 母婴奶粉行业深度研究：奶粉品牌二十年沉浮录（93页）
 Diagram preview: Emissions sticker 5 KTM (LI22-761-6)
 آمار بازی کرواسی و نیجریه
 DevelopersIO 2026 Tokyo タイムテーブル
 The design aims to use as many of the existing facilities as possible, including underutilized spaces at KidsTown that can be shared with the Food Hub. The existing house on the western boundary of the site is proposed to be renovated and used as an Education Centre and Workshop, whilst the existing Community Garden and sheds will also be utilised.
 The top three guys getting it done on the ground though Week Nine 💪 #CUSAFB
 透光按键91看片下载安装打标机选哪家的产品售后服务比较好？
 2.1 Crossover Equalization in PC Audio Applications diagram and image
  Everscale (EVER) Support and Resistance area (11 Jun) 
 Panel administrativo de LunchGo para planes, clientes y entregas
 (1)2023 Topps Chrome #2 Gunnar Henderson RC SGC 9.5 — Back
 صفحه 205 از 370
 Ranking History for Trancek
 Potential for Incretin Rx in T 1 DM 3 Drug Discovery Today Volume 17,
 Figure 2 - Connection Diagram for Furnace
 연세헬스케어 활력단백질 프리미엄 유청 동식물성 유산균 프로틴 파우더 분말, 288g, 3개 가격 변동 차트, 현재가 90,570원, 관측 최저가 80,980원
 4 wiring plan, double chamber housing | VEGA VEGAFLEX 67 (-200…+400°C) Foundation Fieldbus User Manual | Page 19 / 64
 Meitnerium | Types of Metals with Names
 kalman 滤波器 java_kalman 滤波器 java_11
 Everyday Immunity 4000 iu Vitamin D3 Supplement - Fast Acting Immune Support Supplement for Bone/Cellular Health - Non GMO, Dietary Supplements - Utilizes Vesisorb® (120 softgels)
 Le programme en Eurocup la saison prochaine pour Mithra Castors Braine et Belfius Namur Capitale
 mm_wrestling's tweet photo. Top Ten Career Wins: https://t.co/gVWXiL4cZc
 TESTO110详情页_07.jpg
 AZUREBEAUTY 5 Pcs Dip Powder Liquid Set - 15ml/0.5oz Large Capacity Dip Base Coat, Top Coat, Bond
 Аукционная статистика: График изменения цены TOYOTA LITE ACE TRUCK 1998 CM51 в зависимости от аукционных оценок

WORK INSTRUCTION = Your task is to write out the lines from the one with "Figure 2 - Connection Diagram for Furnace" through the end of the records, exactly and with nothing added.

ANSWER TO THIS TASK =
 Figure 2 - Connection Diagram for Furnace
 연세헬스케어 활력단백질 프리미엄 유청 동식물성 유산균 프로틴 파우더 분말, 288g, 3개 가격 변동 차트, 현재가 90,570원, 관측 최저가 80,980원
 4 wiring plan, double chamber housing | VEGA VEGAFLEX 67 (-200…+400°C) Foundation Fieldbus User Manual | Page 19 / 64
 Meitnerium | Types of Metals with Names
 kalman 滤波器 java_kalman 滤波器 java_11
 Everyday Immunity 4000 iu Vitamin D3 Supplement - Fast Acting Immune Support Supplement for Bone/Cellular Health - Non GMO, Dietary Supplements - Utilizes Vesisorb® (120 softgels)
 Le programme en Eurocup la saison prochaine pour Mithra Castors Braine et Belfius Namur Capitale
 mm_wrestling's tweet photo. Top Ten Career Wins: https://t.co/gVWXiL4cZc
 TESTO110详情页_07.jpg
 AZUREBEAUTY 5 Pcs Dip Powder Liquid Set - 15ml/0.5oz Large Capacity Dip Base Coat, Top Coat, Bond
 Аукционная статистика: График изменения цены TOYOTA LITE ACE TRUCK 1998 CM51 в зависимости от аукционных оценок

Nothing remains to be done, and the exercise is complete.